*Records supplied*:
-*-

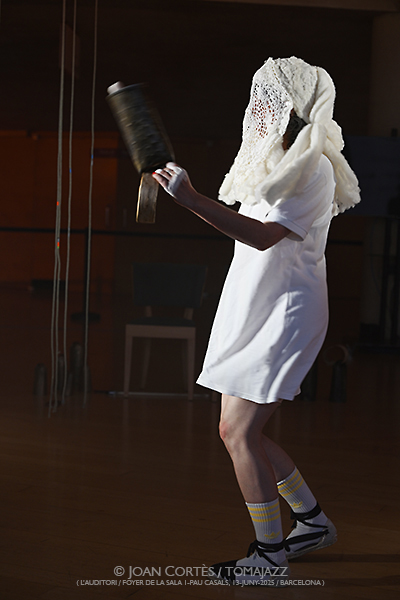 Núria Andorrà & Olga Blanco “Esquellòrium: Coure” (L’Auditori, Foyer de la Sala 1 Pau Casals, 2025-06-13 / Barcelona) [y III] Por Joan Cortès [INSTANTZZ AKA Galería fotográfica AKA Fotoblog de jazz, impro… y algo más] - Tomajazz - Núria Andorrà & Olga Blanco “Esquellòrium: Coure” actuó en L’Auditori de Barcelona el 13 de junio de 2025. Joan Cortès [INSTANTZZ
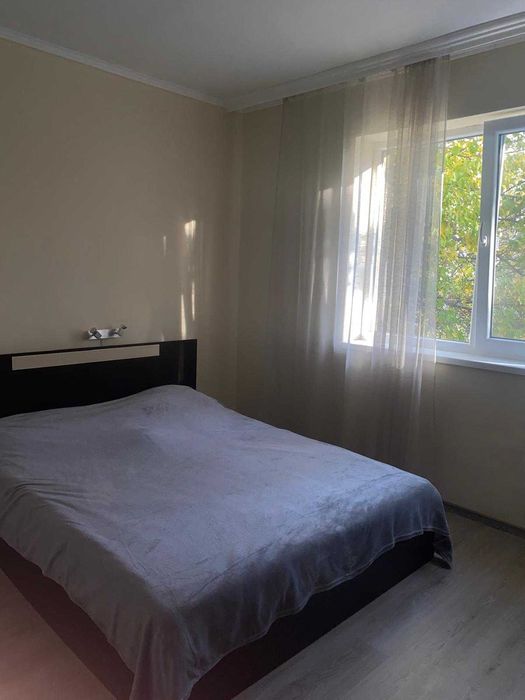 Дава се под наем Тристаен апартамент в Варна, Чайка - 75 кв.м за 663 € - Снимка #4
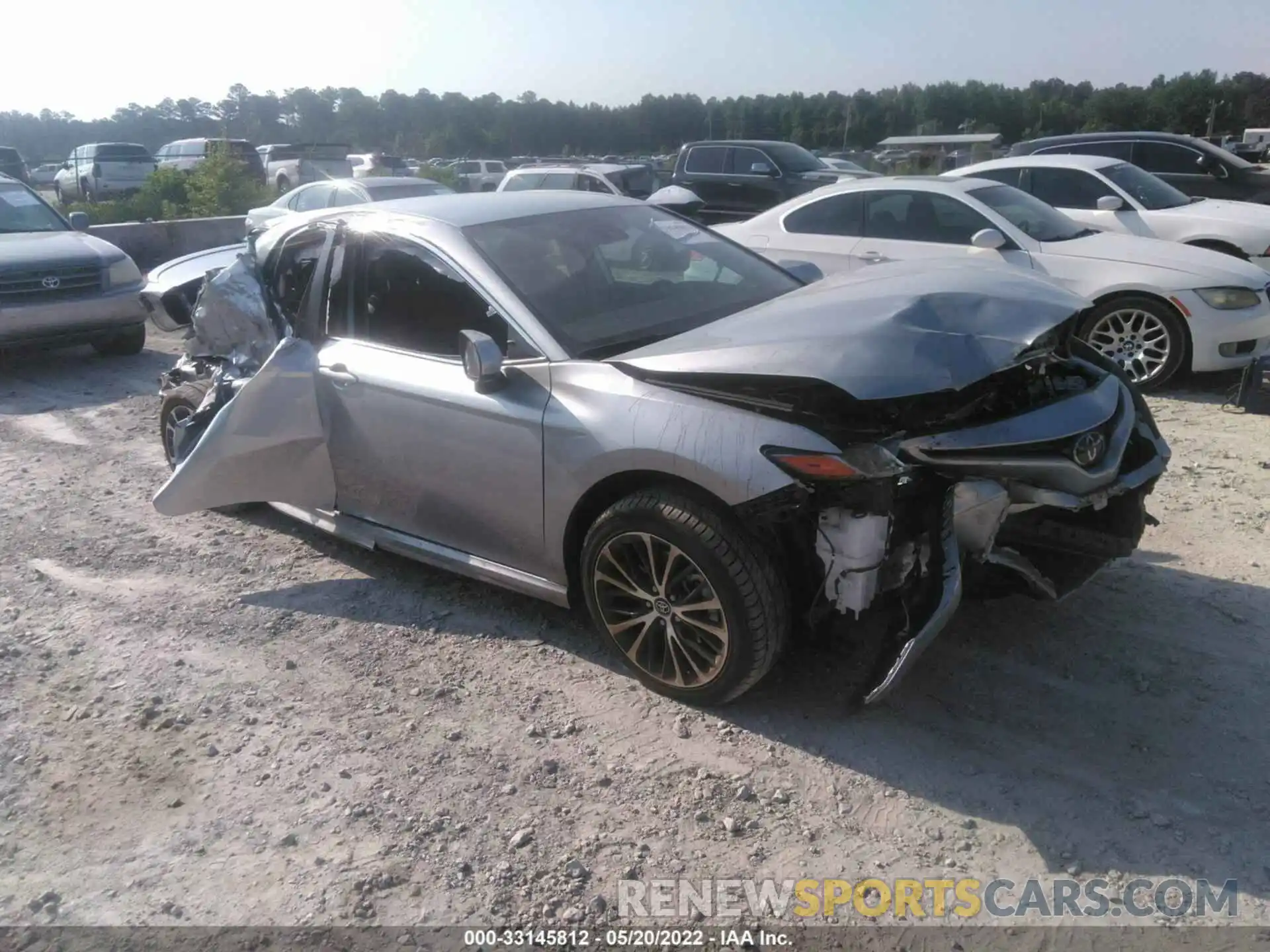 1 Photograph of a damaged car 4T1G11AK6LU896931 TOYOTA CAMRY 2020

-*-

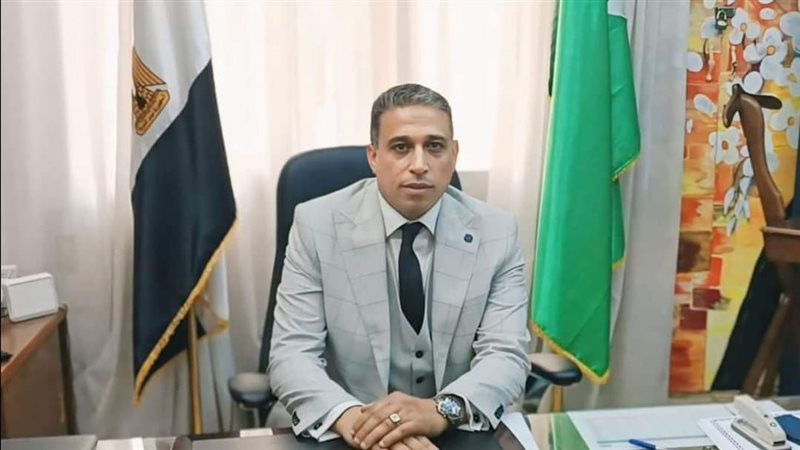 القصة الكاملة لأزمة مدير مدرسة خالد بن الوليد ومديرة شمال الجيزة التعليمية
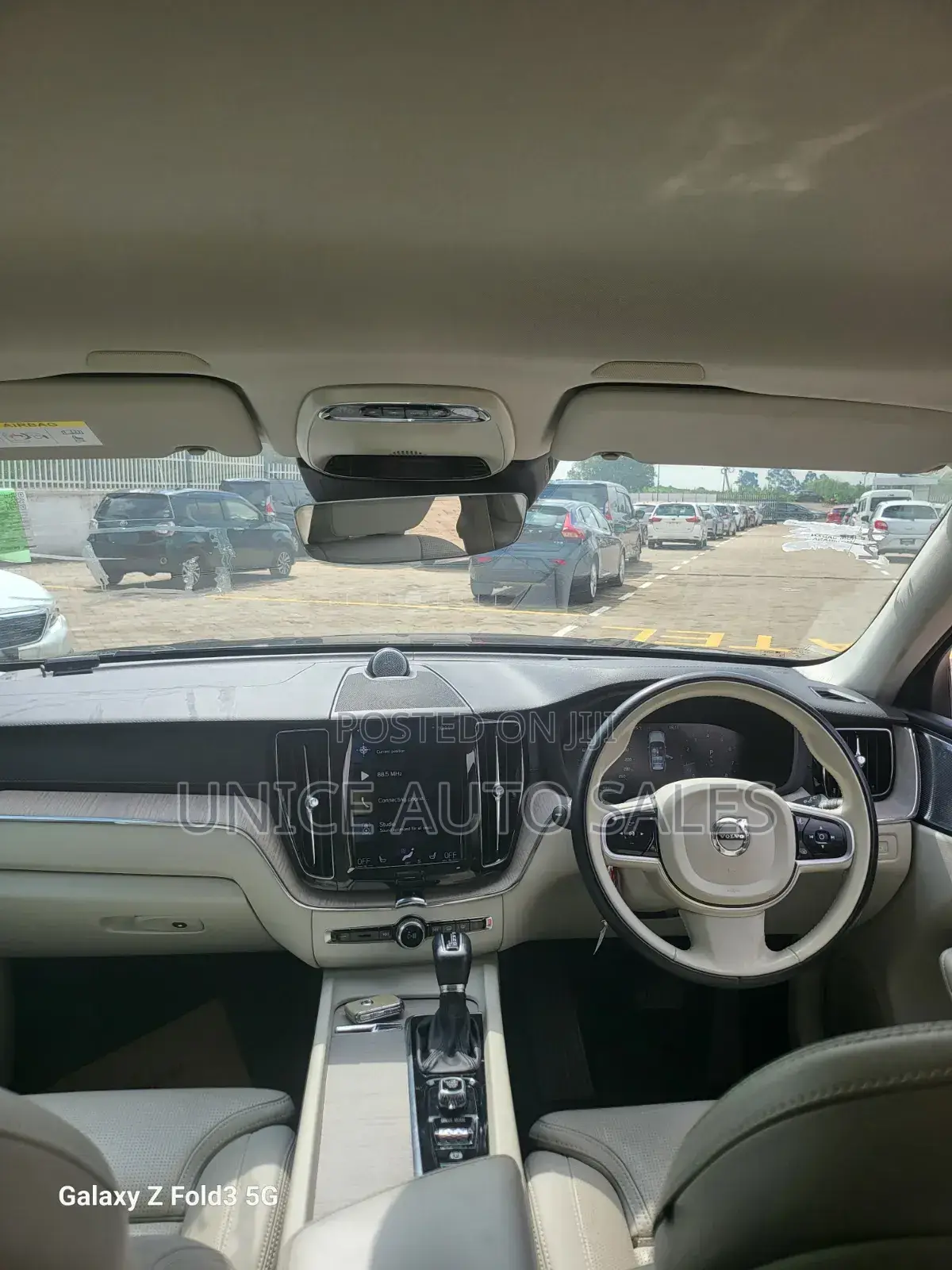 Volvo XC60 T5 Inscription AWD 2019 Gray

-*-

Above are the records. Copy only the lines from the one with "القصة الكاملة لأزمة" through the one with "Volvo XC60 T5 Inscription AWD 2019 Gray", exactly, with no pictures.

 القصة الكاملة لأزمة مدير مدرسة خالد بن الوليد ومديرة شمال الجيزة التعليمية
 Volvo XC60 T5 Inscription AWD 2019 Gray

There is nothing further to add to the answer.